I am positive it will be wet :rain:


----------



## Suenneil (Feb 17, 2009)

ztempest said:


> Hi, I am an American with a multi-settlement (wife) visa for the UK, come and go as I please, have had it for 2 years ... Never used it or lived in the UK.
> 
> Well now my UK husband has a job, we are going to come to the UK and live in Hull - can anybody tell me about this place ????
> 
> ...



Hiya .... its a long time since I visited Hull so maybe its changed a lot! youre right it is miles and miles from London - and the property prices are probably some of the lowest in the UK ... but if I am honest it wouldnt be somewhere I would have on my wish list for moving to ... but then again its wrong for me to make assumptions as people from Hull may love it !

I would check out some property rental and sale websites which will give you a pretty good idea on the prices..... another good source of checking out lifestyle, crime issues etc is to google and find the local newspapers .... could be the Hull times, express, evening news whatever ....... but a local paper can tell you quite a lot about a place!

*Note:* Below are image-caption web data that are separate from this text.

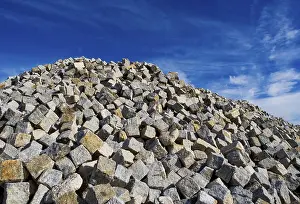 Upper Austria Drucke: Stack of paving stones, Upper Austria, Austria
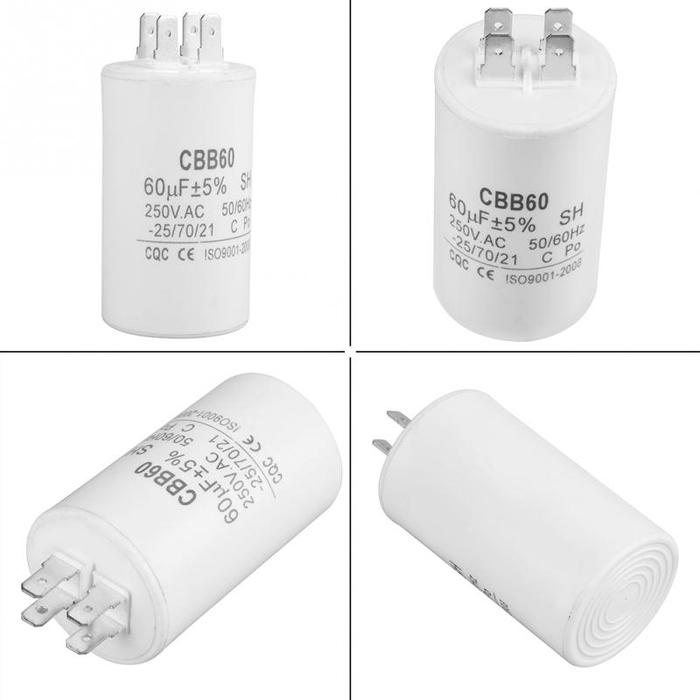 AC 250V CBB60 Cylinder Shaped Run Capacitor Motor Run Capacitor 60uF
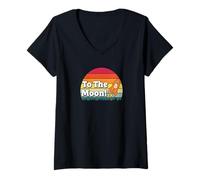 Mujer To The Moon Mission bitcoins sats hype futuras ganancias bitcoin Camiseta Cuello V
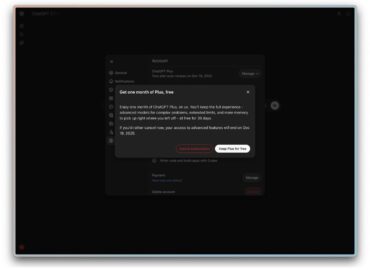 856 Openai Siūlo Nemokamą Mėnesį Chatgpt Plus Siekiant Išlaikyti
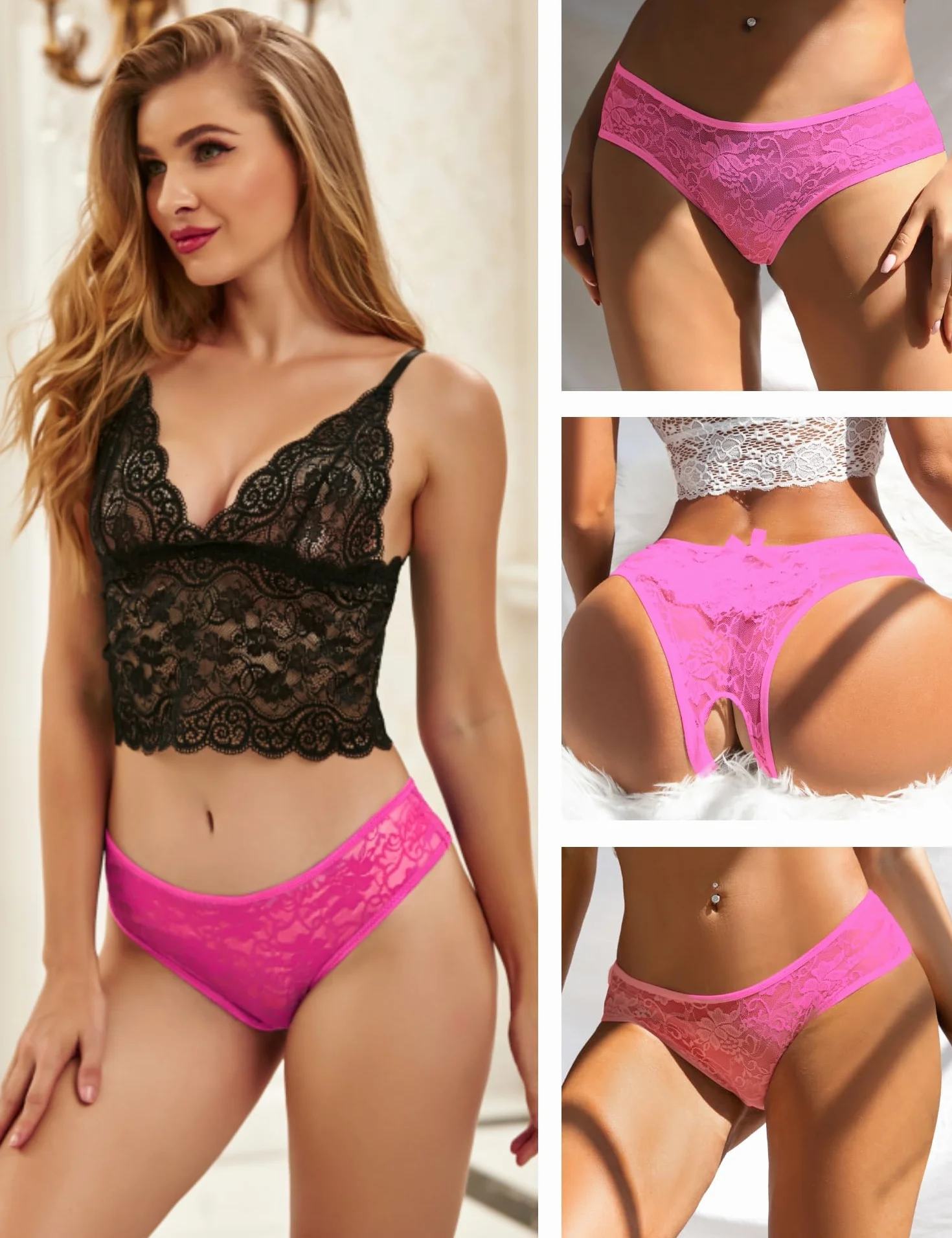 ohmydear Bielizna erotyczna dla kobiet, 2 sztuki, seksowne majtki, duże rozmiary, stringi, bielizna erotyczna z otworem
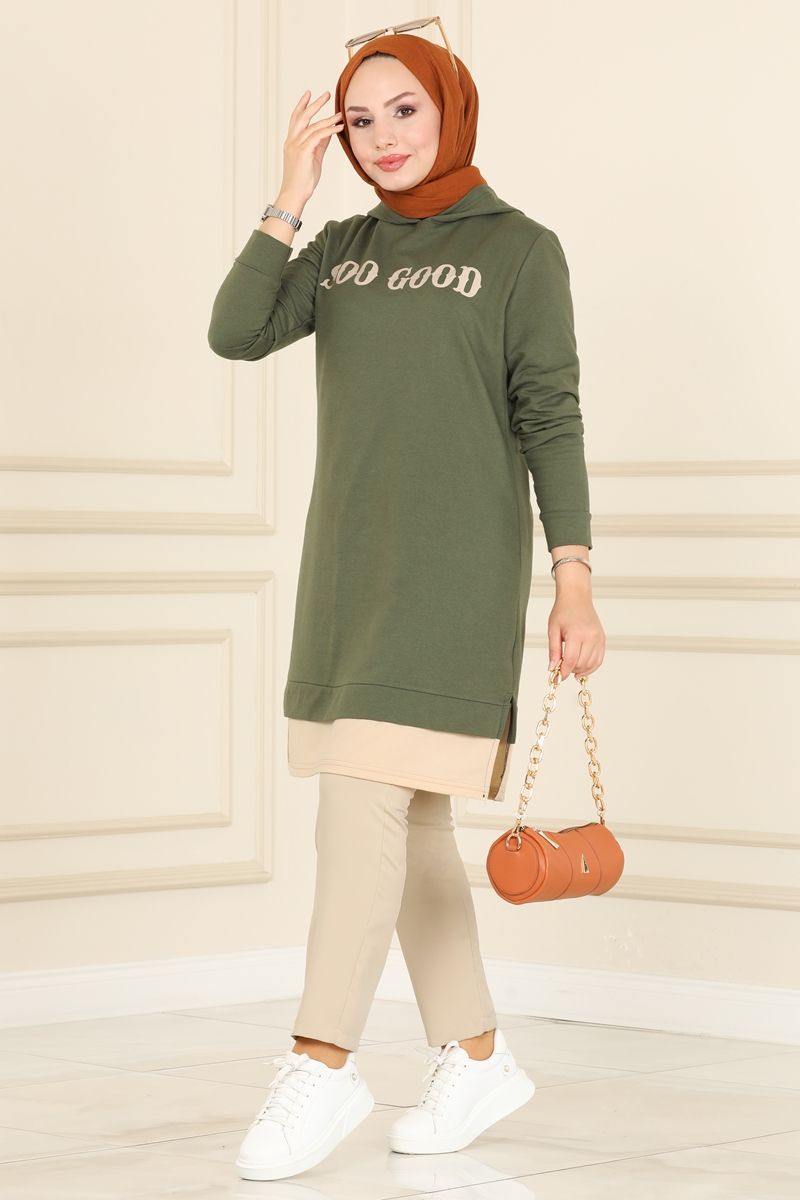 Rahat ve Cool Tunik Kombinleri 2305ASY563&260MP806 &12STG610 Haki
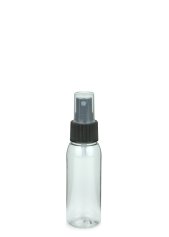60 ml R-PET-Flasche transparent, Ø 34,3 mm, Sprühzerstäuber schwarz, geriffelt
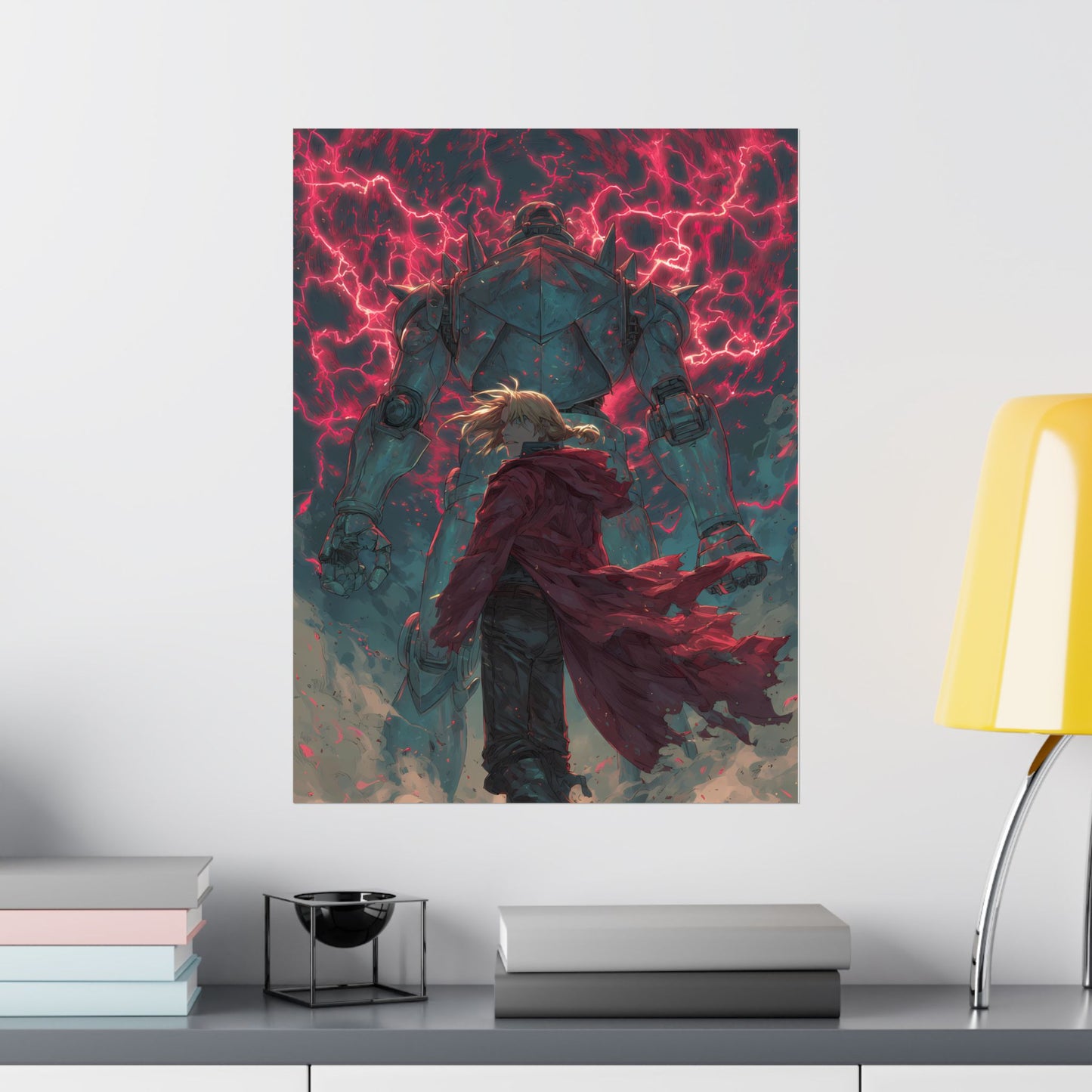 Edward and Alphonse Elric, Fullmetal Alchemist Brotherhood Anime Matte Vertical Poster Wall Art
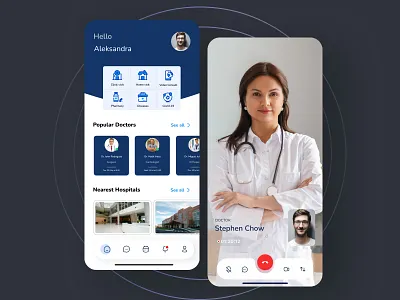 Medical Service App app branding chat comment design doctor flat illustration logo medical minimal paradigm ui videocall web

I hear they have a great Rugby team though !

good luck


----------



## Suenneil (Feb 17, 2009)

Here you go .. .found you this pretty quickly and Im sure there are others but its a start!

Hull and East Riding news, Jobs, Sports, Cars | This is Hull and East Riding


----------



## Veronica (Apr 5, 2008)

Hull itself is not exaclty a great place but it is close to some lovely areas of countryside and coastline.
Property prices are cheap but you need to make sure you research flood statistics and dont buy or rent in a known flood zone.


----------



## ztempest (Dec 1, 2008)

*Moving to Hull, what to avoid*

Yes, I know about the sites, but that does not tell you about the area, as I saw some ads on line, but how do you know about the area ??? I need advice about areas to avoid .... It is not a wish it's a job, so I need to make the place my home {gezzz} ....

Thanks, oh, I'm American, and don't understand what Rugby is from Scoccer. Give me a real game like Basketball ....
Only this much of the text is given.